◆ Exercise prompt:
From first line to last, give the records again word for word and omit the pictures.

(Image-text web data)
###
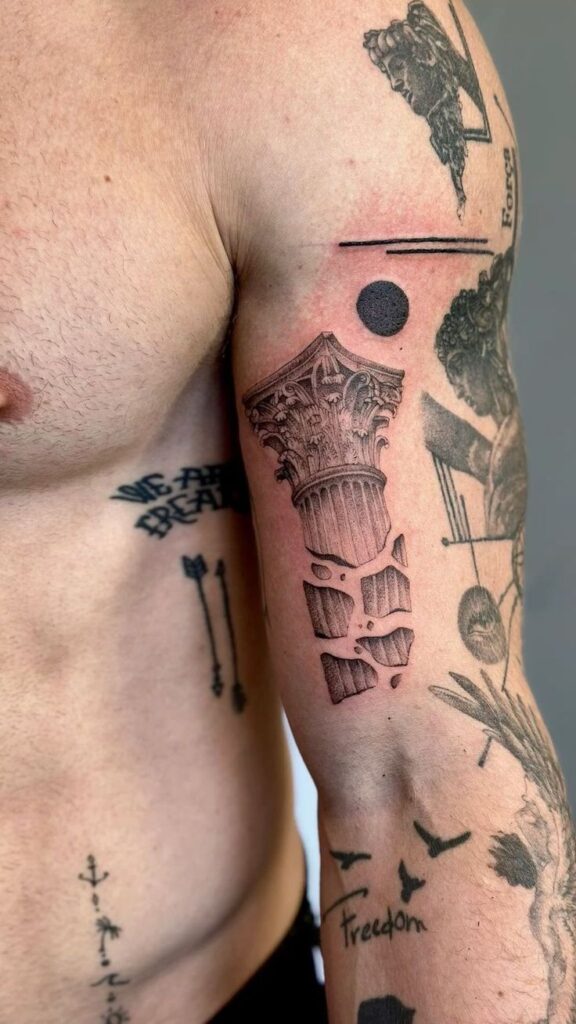 Arm tattoo featuring a detailed broken column design, surrounded by various black ink symbols and words.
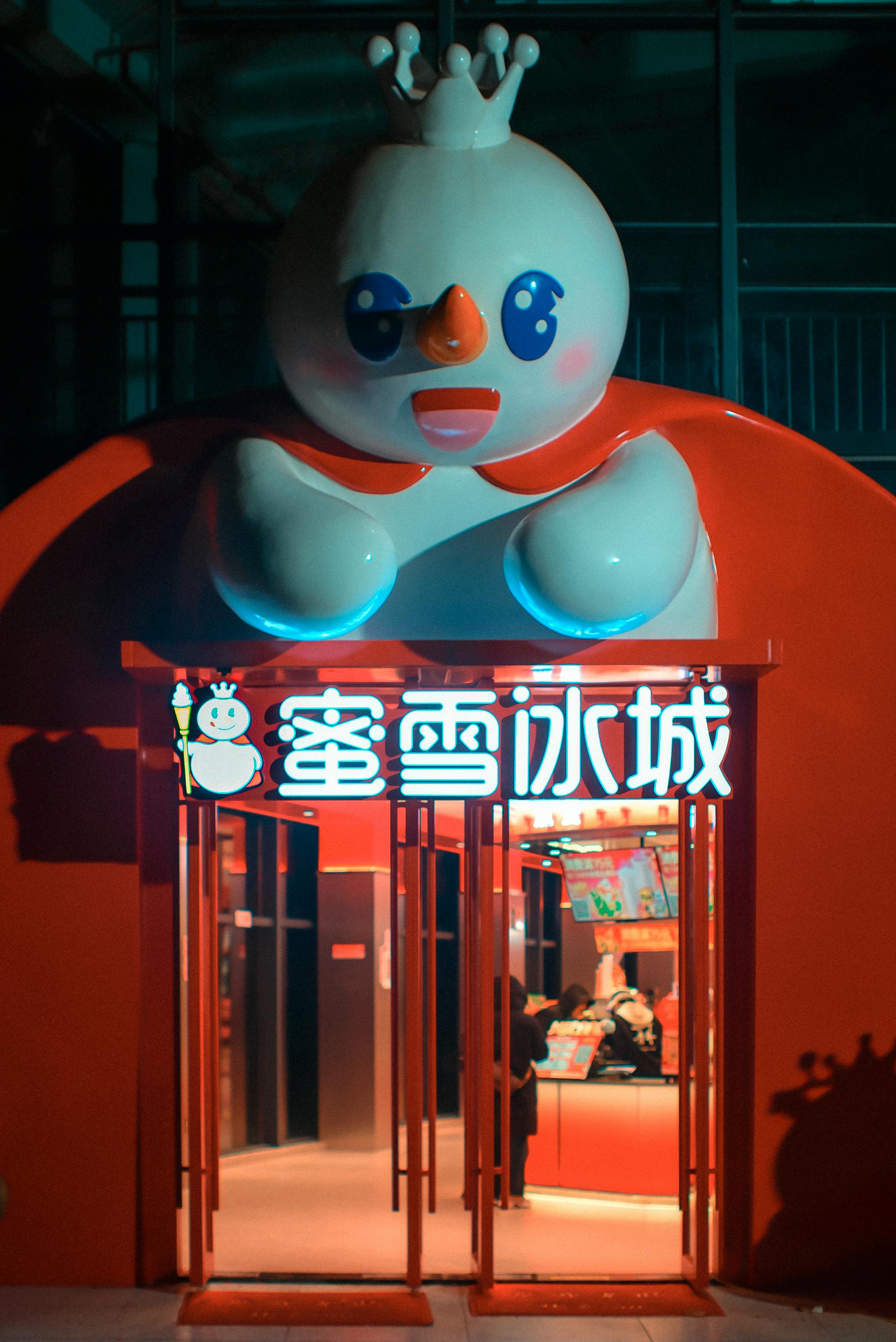 Kostenlos Charmante rote Eisdielen-Eingangstür mit Schneemann-Maskottchen bei Nacht. Stock-Foto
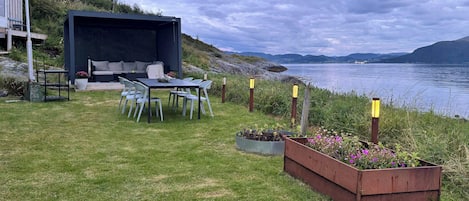 A lakeside outdoor seating area with a table and chairs, a built-in bench, and a flower bed.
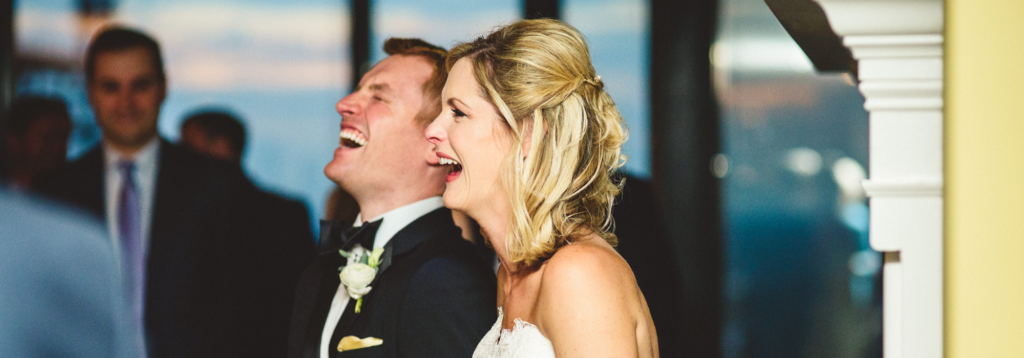Couple Laughing with their Fun Wedding DJ and Master of Ceremonies during their Love Story from wedding DJ company Remarkable Receptions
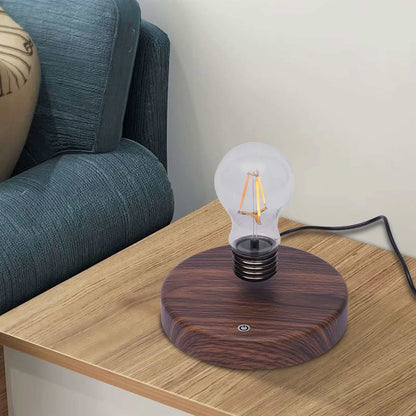 Magnetic levitating light bulb floating above wooden base on table next to sofa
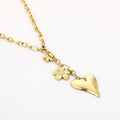 Floral Heart Necklace met gouden bloem en hart-hanger – Naomé Boutique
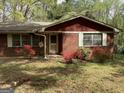 Front exterior of a quaint brick home featuring shuttered windows and a charming entrance at 8395 Rivertown Rd, Fairburn, GA 30213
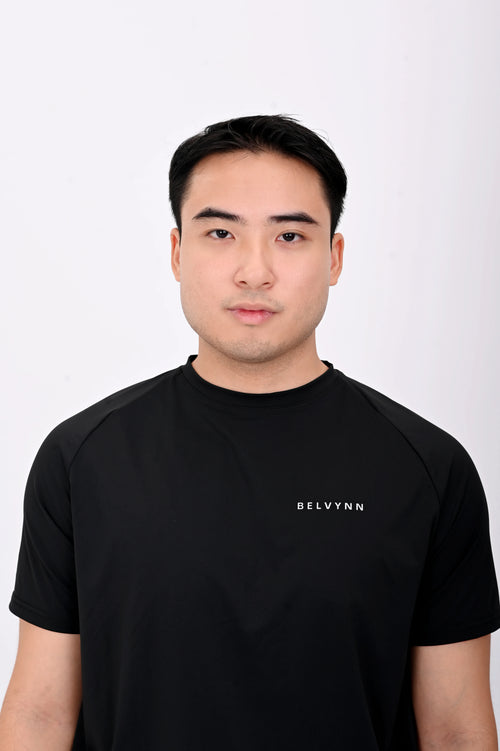 Close up view pose of a person wearing a BELVYNN premium Black t-shirt and black shorts on a white background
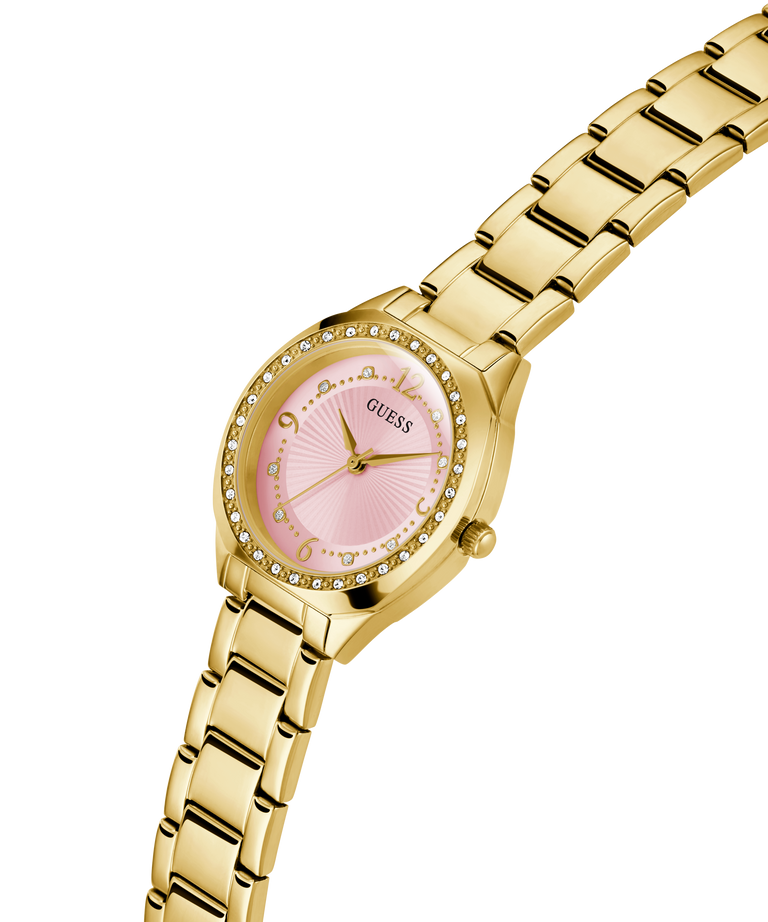 Gold watch with a pink face on a white background lifestyle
###
◆ Exercise response:
 Arm tattoo featuring a detailed broken column design, surrounded by various black ink symbols and words.
 Kostenlos Charmante rote Eisdielen-Eingangstür mit Schneemann-Maskottchen bei Nacht. Stock-Foto
 A lakeside outdoor seating area with a table and chairs, a built-in bench, and a flower bed.
Couple Laughing with their Fun Wedding DJ and Master of Ceremonies during their Love Story from wedding DJ company Remarkable Receptions
 Magnetic levitating light bulb floating above wooden base on table next to sofa
 Floral Heart Necklace met gouden bloem en hart-hanger – Naomé Boutique
 Front exterior of a quaint brick home featuring shuttered windows and a charming entrance at 8395 Rivertown Rd, Fairburn, GA 30213
 Close up view pose of a person wearing a BELVYNN premium Black t-shirt and black shorts on a white background
 Gold watch with a pink face on a white background lifestyle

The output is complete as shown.